First there was budding yeast (Saccharomyces cerevisiae). Partly responsible for scientists’ survival by fermenting their staples beer and bread, they polished off its DNA sequence back in 1997.

Now the minority fungus of lab culture - fission yeast (Schizosaccharomyces pombe) - is fighting back. This week S. pombe enters the experimental big leagues, with the announcement of its completed genome1.


"For a while they could ignore us completely," says S. pombe supporter Paul Russell of the Scripps Research Institute in La Jolla, California. "Now they can’t." With only one yeast genome, "you don’t get the full story", he argues.

The two yeasts may share a common name, but S. cerevisiae and S. pombe are only distant relatives, having diverged around a billion years ago. "They’ve gone their separate ways," says evolutionary biologist Russell Doolittle of the University of California, San Diego. As they have developed different ways to solve the basic problems of cell biology, there is still much to learn from the lesser cousin.

Whereas S. cerevisiae cells sprout offspring on their sides, S. pombe divides down the middle, like human cells. The genes and proteins that control this fundamental process in S. pombe were identified by Paul Nurse, the director general of the Imperial Cancer Research Fund in London. His feat won him a share of a 2001 Nobel Prize. What’s more, S. pombe rolls up its DNA into three large chromosomes, again more reminiscent of human cells than S. cerevisiae’s sixteen tiny ones.

Quality over quantity

S. pombe’s genome highlights the dissimilarity between the two yeasts. S. pombe has 4,824 genes - about 1,000 less than its cousin, and fewer even than some bacteria. This is evidence of quality over quantity, says Nurse, who led the sequencing effort.

Despite the yeasts’ differences, "it’s what they share that’s important", says Nurse. He hopes that comparing the two genomes will reveal exactly which parts are essential for yeast life.

Nurse’s team has already compared the S. pombe genome to another five completed ones - those of budding yeast, the nematode worm Caenorhabditis elegans, the fruit fly (Drosophila), mustard weed (Arabidopsis thaliana) and humans - to find commonalities. All six organisms are ’eukaryotes’ - unlike bacteria, they package up their DNA and protein production into distinct compartments within the cell.
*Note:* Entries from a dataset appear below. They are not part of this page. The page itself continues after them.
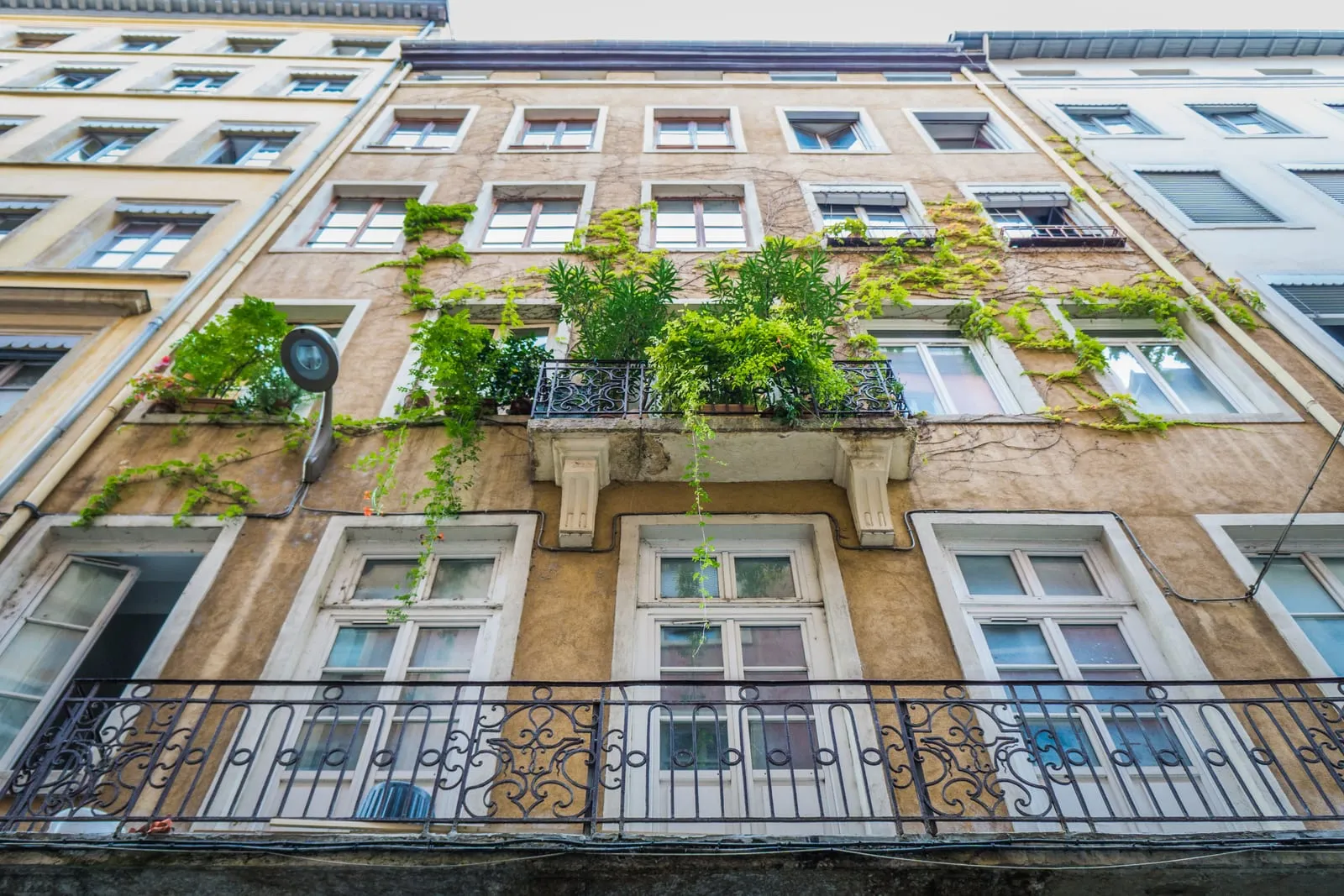 A façade with flower-filled balconies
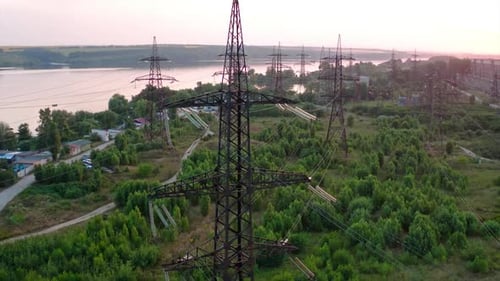 Structure of high-voltage lines outside the city at sunset. Trees and river. Camera motion back.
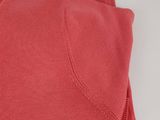 a close up of a pair of red sweaters on a white surface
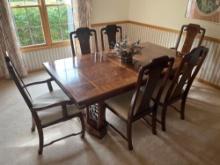Dining room table with 6 chairs and a ad in leaf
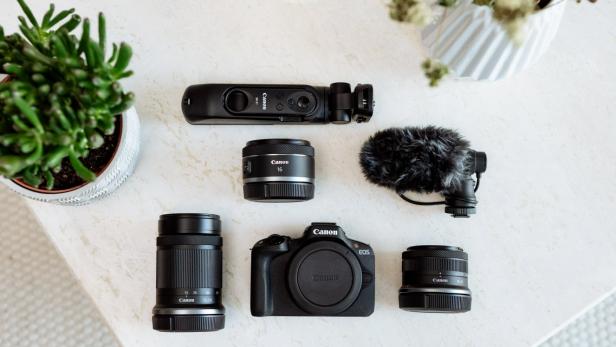 Flach gelegtes Set aus Canon-Foto- und Videozubehör auf einem hellen Tisch: in der Mitte eine Canon EOS-Kamera, umgeben von drei Objektiven, einem Mikrofon mit Windschutz, einem Handgriff mit integrierter Fernbedienung sowie dekorativen Pflanzen im oberen linken und rechten Bildbereich.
The team identified a toolkit of some 60 genes that are essential for organizing and dividing eukaryotic cells.

Armed with the genome, S. pombe researchers hope to wade into its proteome, identifying all its proteins and how they interact. But once again, they’re playing catch-up - budding-yeast researchers are well on their way towards this goal.

Still, S. pombe scientists are used to struggling for recognition. And, despite a slow start and early rivalry, "no one would argue for only one yeast now", says Russell.

Scientists still harking after S. cervisiae’s brewing power may be won over by S. pombe’s potential. First described by Swiss researcher Lindner in 1893, he isolated it from East African millet beer - and named it after the Swahili word for beer, pombe.

References


  1. Wood, V. et al. The genome sequence of Schizosaccharomyces pombe. Nature, 415, 871 - 880, (2002).